Jakarta (ANTARA News) - Mahkamah Konstitusi secara resmi menerima penarikan uji materi UU Pemberantasan Tindak Pidana Terorisme Nomor 15 Tahun 2003 yang diajukan oleh Abu Jibril dan beberapa orang lainnya.

"Mengabulkan penarikan kembali permohonan pemohon (Abu Jibril, Umar Abduh, Haris Rusly, John Helmi Mempi, dan Hartsa Mashirul HR)," kata Ketua MK Moh Mahfud MD di Gedung MK di Jakarta, Senin.

Dengan demikian, MK juga menyatakan perkara uji materi Pasal 25 ayat (1), Pasal 26 ayat (1), Pasal 28, dan Pasal 46 UU 15/2003 tidak dapat diajukan kembali oleh pihak pemohon.

Perkara bernomor 150/PUU-VII/2009 itu sebenarnya telah melewati sidang panel pemeriksaan pendahuluan yang berlangsung pada 22 Desember 2009.

Namun, pada 20 Januari 2010, pihak MK telah menerima surat dari pemohon yang bernama Mohammad Iqbal bin Abdur Rahman (nama lengkap Abu Jibril) perihal penarikan kembali permohonan pengujian UU 15/2003.

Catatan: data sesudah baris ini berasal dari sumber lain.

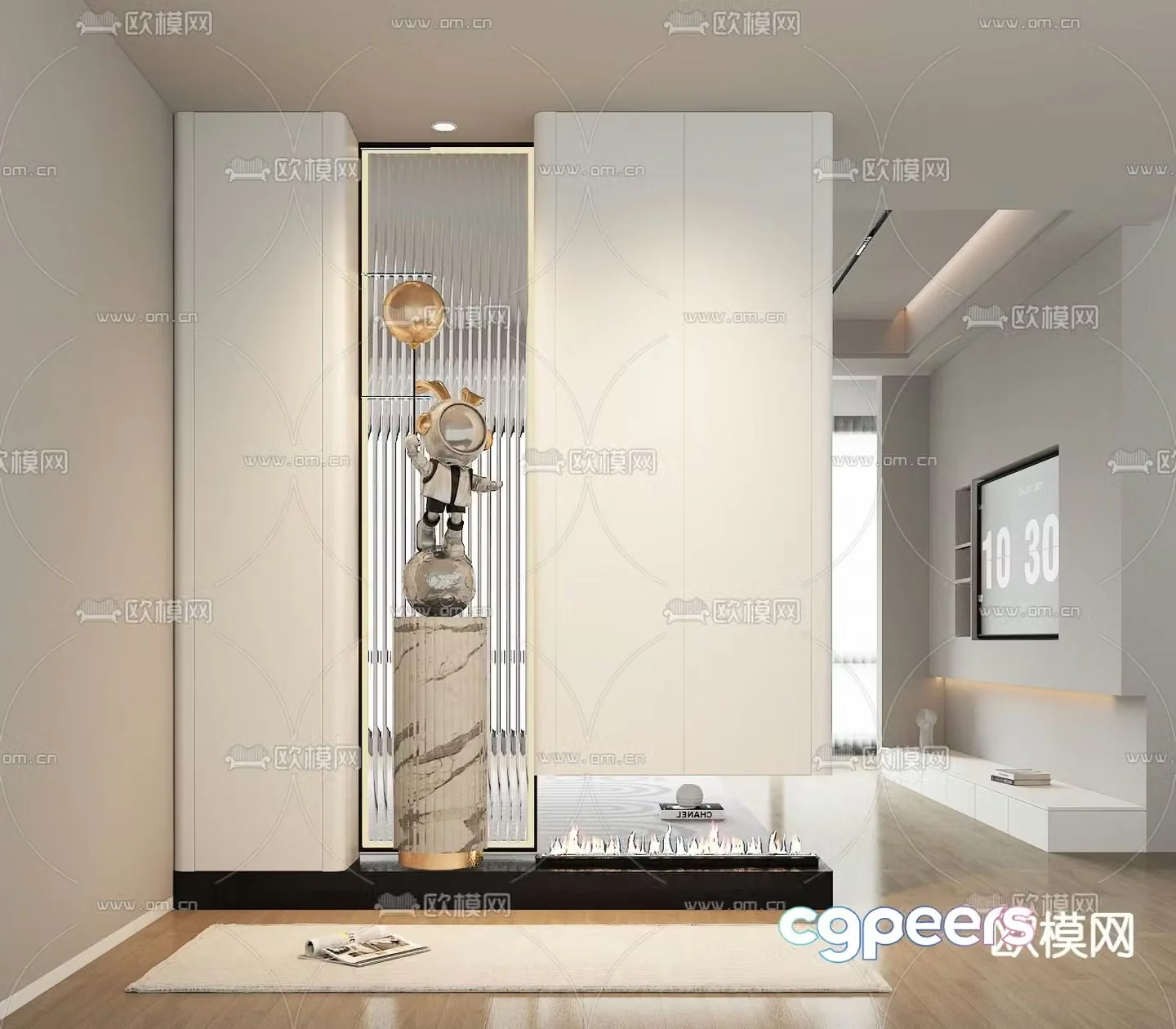 Entrance shoe cabinet 3D model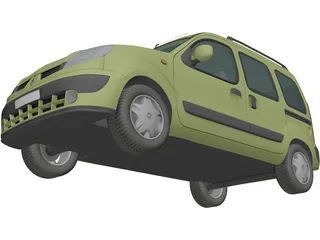 Renault Kangoo 3D Model preview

Ketika itu, Panitera MK Zainal Arifin Hoesein mengemukakan, sesuai dengan Pasal 35 ayat (1) UU Mahkamah Konstitusi Nomor 24 Tahun 2003, pemohon dapat menarik kembali permohonan sebelum atau selama pemeriksaan Mahkamah Konstitusi dilakukan.

Sedangkan dalam ayat (2) disebutkan, penarikan kembali sebagaimana dimaksud pada ayat (1) mengakibatkan permohonan tidak dapat diajukan kembali.

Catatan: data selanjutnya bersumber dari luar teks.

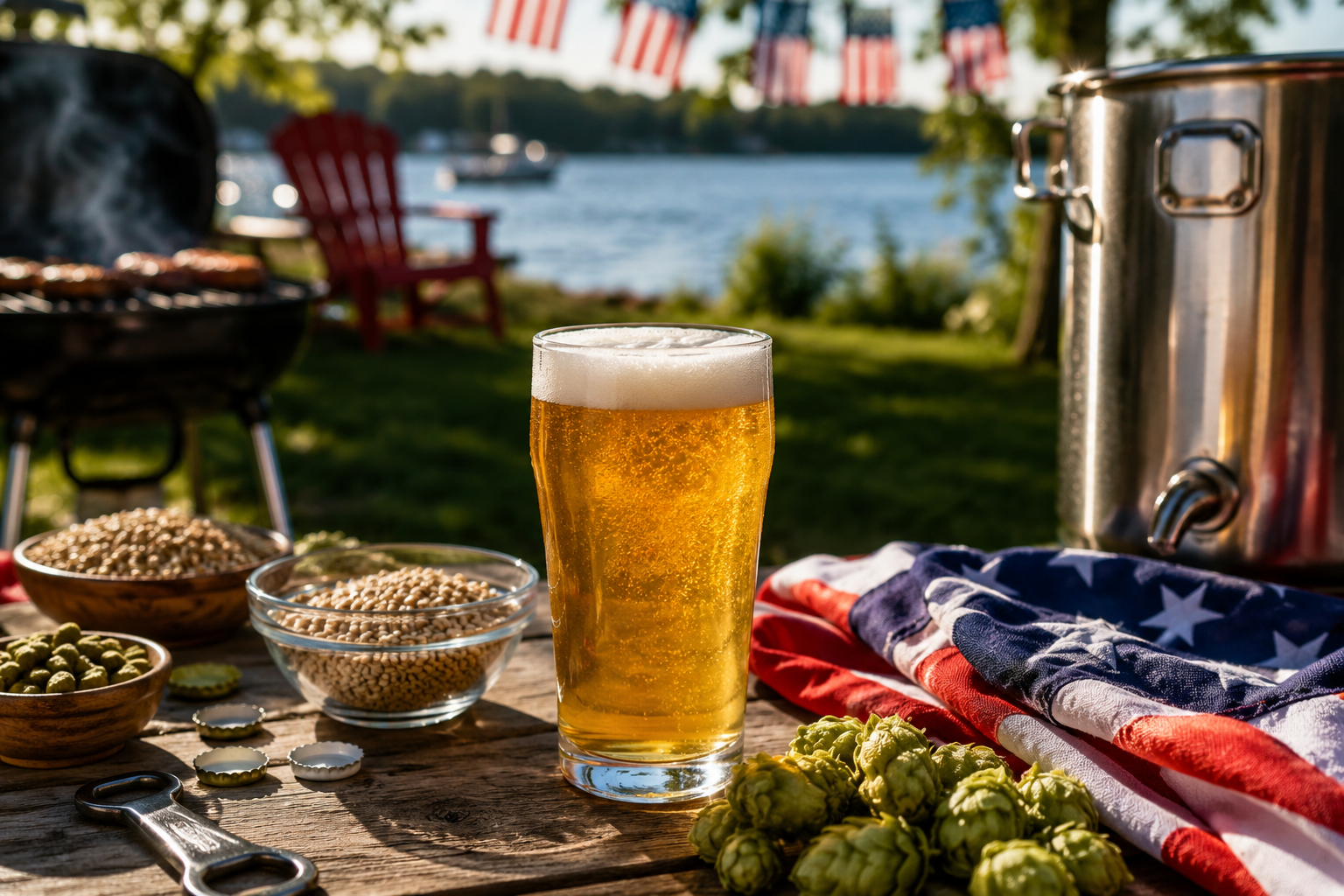 How to Brew a Great Beer for the 4th of July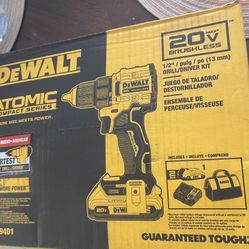 Dewalt Atomic Compact Series Drill, Battery & Charger 20v. $95! 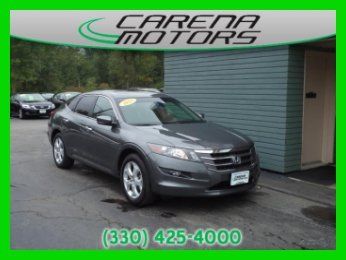 2011 honda used crosstour ex-l 4wd leather moon one 1 owner free clean carfax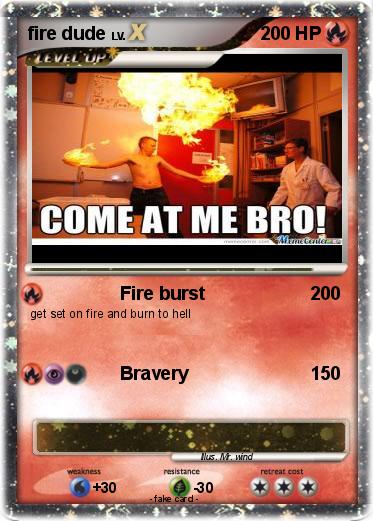 Pokemon fire dude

Abu Jibril kepada wartawan setelah persidangan memaparkan, penarikan permohonan uji materi UU Pemberantasan Tindak Pidana Terorisme itu antara lain karena terdapat sejumlah pasal uji materi yang tidak dimasukkan oleh kuasa hukumnya yaitu Pasal 26 ayat (2), (3), dan (4) dari UU 15/2003.

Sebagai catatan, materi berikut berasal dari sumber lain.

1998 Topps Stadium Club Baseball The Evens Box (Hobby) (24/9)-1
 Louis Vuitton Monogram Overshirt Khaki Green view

Untuk itu, ayah dari tersangka kasus dugaan terorisme Muhammad Jibril itu akan menunjuk kuasa hukum baru dan berencana untuk mendaftarkan kembali uji materi UU 15/2003 dengan menggunakan dalil yang berbeda.

Sebelumnya, Abu Jibril dalam sejumlah kesempatan mengemukakan, pemberlakuan UU Pemberantasan Terorisme telah melanggar hak asasi manusia dan diskriminatif terhadap mereka yang masih berstatus tersangka dalam kasus terorisme.

Salah satu contoh diskriminatif tersebut, menurut Abu Jibril, adalah penggunaan data intelijen sebagai bukti awal untuk menetapkan seseorang sebagai tersangka kasus terorisme seperti dalam Pasal 26 ayat (1).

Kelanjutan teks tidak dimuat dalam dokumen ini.